Catilinarian Conspiracy – Events
The unarguable events of 63, according to Syme, chronologically are:
- July – C. defeated in the elections, resolves on revolution
- C.’s partisan Manlius goes to work in northern Etruria – enlists plebs, brigands, and vets.
- Cicero receives intelligence and reports to the Senate.
- Oct. 21 – Senatus consultum ultimum is passed.
- Oct. 27 – Manlius starts insurrection.
- c. Nov. 2 – Saenius announces insurrection in the Senate.
- Senate takes some action.
- Nov. 6 – Conspirators meet at M. Porcius Laeca’s house. Decide to assassinate Cicero.
- Cicero is warned.
- Nov. 8 – Cicero delivers 1st Catilinarian to the Senate.
- C. leaves Rome.
- Nov. 9 – Cicero delivers 2nd Catlinarian to the People.
- c. Nov. 17 – C. and Manlius, now joined up, declared enemies.
- Dec.2-3 – Envoys of the Allobroges and Volturciius are apprehended carrying letters to C.
- Dec. 3 – Cicero shows Senate evidence of treachery of 4 conspirators.
- Cicero delivers 3rd Catilinarian to the People.
- Dec. 4 – Senate discussion.
- Dec. 5 – Consul-designate proposes death sentence for the conspirators.

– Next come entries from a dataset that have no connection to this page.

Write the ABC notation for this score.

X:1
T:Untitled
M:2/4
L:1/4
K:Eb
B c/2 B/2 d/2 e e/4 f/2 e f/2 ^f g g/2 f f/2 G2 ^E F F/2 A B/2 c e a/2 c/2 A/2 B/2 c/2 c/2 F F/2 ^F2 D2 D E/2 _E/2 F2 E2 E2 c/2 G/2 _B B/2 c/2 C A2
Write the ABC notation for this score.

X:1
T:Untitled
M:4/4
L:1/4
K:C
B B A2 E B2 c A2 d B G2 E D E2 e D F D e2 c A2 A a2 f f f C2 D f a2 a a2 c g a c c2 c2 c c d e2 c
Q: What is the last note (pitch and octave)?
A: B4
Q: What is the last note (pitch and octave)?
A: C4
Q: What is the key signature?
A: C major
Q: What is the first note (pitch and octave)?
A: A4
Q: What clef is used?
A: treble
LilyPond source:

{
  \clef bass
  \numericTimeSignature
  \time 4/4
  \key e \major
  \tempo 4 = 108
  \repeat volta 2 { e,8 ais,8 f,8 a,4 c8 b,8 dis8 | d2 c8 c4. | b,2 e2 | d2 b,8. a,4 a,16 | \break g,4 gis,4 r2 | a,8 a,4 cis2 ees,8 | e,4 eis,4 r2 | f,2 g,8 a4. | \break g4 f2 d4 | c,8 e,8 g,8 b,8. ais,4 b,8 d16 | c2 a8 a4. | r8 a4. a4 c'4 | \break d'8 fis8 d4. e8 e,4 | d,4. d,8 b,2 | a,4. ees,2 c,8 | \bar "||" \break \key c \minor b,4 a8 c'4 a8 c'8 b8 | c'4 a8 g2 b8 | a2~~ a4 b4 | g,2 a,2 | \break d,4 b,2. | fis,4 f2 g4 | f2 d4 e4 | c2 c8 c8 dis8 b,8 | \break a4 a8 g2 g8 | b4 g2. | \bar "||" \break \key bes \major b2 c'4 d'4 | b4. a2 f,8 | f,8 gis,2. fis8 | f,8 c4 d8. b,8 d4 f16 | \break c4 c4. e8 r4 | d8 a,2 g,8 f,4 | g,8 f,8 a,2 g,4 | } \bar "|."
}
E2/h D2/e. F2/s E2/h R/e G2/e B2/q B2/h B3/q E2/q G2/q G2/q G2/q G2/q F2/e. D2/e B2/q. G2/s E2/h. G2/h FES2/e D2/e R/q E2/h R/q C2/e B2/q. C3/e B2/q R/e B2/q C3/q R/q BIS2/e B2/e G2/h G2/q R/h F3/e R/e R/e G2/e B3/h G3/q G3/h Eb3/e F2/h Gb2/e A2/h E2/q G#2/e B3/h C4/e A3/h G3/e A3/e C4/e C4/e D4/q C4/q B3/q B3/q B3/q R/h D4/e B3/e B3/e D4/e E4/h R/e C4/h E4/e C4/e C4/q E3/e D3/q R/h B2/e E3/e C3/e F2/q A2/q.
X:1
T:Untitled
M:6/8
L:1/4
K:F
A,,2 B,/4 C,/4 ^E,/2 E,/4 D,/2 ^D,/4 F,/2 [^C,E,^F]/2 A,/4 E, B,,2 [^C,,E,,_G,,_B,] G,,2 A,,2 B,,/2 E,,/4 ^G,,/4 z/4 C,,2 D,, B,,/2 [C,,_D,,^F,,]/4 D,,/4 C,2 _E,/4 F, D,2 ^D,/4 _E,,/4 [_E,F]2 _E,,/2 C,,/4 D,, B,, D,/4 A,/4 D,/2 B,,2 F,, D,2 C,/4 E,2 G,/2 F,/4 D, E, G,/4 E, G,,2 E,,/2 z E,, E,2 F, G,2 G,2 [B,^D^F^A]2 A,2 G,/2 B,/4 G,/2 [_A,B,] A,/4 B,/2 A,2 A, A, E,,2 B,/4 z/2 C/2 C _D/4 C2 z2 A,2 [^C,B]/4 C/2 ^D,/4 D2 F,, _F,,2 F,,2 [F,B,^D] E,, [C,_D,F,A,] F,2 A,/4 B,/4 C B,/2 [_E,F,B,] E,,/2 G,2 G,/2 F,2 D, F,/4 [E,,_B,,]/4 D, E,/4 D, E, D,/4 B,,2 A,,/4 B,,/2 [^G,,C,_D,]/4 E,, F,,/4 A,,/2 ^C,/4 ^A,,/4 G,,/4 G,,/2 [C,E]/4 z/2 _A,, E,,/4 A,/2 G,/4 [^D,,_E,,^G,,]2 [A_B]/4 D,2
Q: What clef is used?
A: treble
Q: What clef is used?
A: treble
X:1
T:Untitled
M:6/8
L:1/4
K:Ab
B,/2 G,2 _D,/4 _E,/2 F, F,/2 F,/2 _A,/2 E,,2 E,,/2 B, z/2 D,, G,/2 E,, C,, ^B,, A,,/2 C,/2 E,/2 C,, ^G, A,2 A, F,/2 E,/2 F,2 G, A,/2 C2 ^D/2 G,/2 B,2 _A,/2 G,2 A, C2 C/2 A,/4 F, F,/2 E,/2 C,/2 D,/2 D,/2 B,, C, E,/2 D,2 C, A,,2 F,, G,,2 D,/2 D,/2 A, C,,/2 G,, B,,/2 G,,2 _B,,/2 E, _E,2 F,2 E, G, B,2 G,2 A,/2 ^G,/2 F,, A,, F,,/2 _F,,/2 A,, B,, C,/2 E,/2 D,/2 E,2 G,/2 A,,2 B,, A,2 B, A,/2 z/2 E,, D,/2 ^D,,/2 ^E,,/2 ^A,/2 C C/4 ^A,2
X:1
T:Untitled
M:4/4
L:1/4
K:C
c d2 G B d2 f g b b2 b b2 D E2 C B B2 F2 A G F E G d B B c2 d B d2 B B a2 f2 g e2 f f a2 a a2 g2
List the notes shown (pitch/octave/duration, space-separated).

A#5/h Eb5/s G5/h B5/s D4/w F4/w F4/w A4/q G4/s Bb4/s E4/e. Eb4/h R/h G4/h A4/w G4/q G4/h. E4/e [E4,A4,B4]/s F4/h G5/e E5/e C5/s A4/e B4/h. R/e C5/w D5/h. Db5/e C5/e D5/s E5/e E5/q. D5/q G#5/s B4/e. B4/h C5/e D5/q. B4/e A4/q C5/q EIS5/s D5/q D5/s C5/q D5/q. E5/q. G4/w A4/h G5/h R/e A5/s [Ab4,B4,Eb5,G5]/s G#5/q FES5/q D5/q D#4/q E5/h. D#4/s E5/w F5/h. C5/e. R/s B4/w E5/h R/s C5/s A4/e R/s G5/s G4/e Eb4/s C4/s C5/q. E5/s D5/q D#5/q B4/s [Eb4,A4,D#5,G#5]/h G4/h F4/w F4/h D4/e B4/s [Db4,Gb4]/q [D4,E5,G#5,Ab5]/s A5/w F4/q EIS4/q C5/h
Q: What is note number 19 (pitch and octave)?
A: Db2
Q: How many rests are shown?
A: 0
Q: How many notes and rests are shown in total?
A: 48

Contrary to the accepted chronology, Sallust seems to put the Senatus consultum ultimum after the foiling of the assassination attempt. Syme says some think this is a way to discredit Cicero; that is, Cicero was driven by personal fear to ask for it. Syme says Sallust was doing no such thing. He was tracing the conspiracy at Rome and then tracing events in Etruria. This leads Syme to a summary and appropriate aside:
The historian is cleared. There was no deception. How difficult it is to combine in one narration contemporaneous events in different theatres without a lavish use of dates and sign posts is not always apparent to the erudite arbiters of praise and blame who eschew the writing of narrative history.
So, Sallust was fine as an historian, but he’s responsible for
- 1) 63 B.C. as a date for the end of the Republic,
- 2) our thinking there were two parties (nobiles and plebs) in ancient Rome, and
- 3) our looking nostalgically back at the — especially early — Republic as a glorious age of virtue in contrast with a modern (oops! I mean Imperial) age of vice.